There is an interesting twist to the chronology of the witness statement. According to Veiga, the Ecuadoran government began persecuting him by bringing false criminal charges in 2003. (¶ 66). But Veiga also notes that President Correa didn’t come to power until 2006. (¶ 85). Here at Letters Blogatory, Chevron advocate Doug Cassel has dated the deterioration of the Ecuadoran judiciary from 2004. How can we make sense of this chronology? It seems to me that it may be at odds with one of Chevron’s themes, namely that at an early date Ecuador had an excellent judiciary that provided due process to litigants, but that sometime after the forum non conveniens dismissal—perhaps in 2004 according to Cassel—things turned bad in ways that Chevron could not have foreseen. If things were bad in 2003, then maybe things were bad before 2003, and maybe the case that Chevron should be deemed to have assumed the risk of unfavorable political developments in Ecuador is stronger than it seemed until now. The assumption of the risk argument is important to an argument I made a while ago but that no one on either side of the case seems to agree with: assuming there was fraud in the Ecuadoran proceedings, and leaving aside the role of the stipulation Chevron entered into as a condition of obtaining the forum non conveniens dismissal, there should be some kind of estoppel that prevents a party in Chevron’s situation from arguing that the courts of the state where the case was sent are systematically inadequate. I say that the argument may be stronger than it seemed because the strongest counter to the argument seemed to be an argument about the relevance of changed conditions in the foreign country. If conditions haven’t changed so dramatically, then that point seems weaker. But enough about my pet theory.
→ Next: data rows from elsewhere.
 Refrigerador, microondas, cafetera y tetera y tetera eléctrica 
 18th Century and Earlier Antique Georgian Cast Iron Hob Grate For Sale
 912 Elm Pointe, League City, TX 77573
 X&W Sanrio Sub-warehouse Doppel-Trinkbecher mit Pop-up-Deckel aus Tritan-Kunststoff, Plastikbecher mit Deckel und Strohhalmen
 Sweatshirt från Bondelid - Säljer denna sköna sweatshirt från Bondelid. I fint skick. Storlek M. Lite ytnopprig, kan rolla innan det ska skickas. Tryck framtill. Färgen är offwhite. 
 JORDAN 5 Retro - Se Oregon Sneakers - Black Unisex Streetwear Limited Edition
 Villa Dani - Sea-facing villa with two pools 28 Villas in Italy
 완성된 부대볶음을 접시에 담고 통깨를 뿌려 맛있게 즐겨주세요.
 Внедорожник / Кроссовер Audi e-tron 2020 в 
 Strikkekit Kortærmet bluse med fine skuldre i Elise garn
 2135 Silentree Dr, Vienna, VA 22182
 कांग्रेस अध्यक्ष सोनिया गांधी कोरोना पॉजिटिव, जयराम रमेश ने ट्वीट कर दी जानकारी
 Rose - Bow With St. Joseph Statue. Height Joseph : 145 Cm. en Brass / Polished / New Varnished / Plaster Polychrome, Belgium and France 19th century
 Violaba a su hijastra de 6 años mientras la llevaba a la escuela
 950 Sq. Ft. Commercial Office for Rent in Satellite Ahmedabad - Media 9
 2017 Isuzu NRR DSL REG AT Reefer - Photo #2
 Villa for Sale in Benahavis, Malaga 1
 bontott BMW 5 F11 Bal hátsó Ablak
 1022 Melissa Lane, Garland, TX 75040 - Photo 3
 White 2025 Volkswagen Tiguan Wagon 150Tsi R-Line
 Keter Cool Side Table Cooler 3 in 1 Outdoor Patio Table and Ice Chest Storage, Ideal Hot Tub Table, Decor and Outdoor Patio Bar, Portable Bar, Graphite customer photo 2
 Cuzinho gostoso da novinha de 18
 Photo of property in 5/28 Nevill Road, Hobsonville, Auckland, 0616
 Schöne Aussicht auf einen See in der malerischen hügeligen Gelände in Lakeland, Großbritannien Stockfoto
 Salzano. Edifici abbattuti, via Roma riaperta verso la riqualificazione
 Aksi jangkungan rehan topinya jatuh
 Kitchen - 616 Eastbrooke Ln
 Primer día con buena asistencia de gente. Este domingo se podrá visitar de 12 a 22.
Here are a few other interesting tidbits from the statement.
- According to Veiga, Hugo Camacho, one of the Lago Agrio plaintiffs, was at the time president of the town of Pimampiro, in Ecuador’s Napo province. Camacho wrote a letter to Texaco’s CEO, Peter Bijur, in 1997 “expressing ‘real gratefulness’ to Texaco for ‘the environmental remediation work performed,’ which ‘produced such a positive outcome for the local population.'”
- Veiga says he was present with Richard Cabrera during some of his inspections of contaminated sites. “During some of the inspections that I attended, I witnessed Cabrera discard selected soil samples. When one of Chevron’s lawyers asked Cabrera why he was selectively discarding samples, Cabrera replied that his duty was to ‘find contamination.'” Cabrera “would put up yellow ‘police investigation’ tape around his work area. The Lago Agrio plaintiffs’ allies often would be on the other side of the tape assisting Cabrera. But Chevron’s experts and lawyers were not allowed anywhere near Cabrera, typically having to stay on the other side of the tape.”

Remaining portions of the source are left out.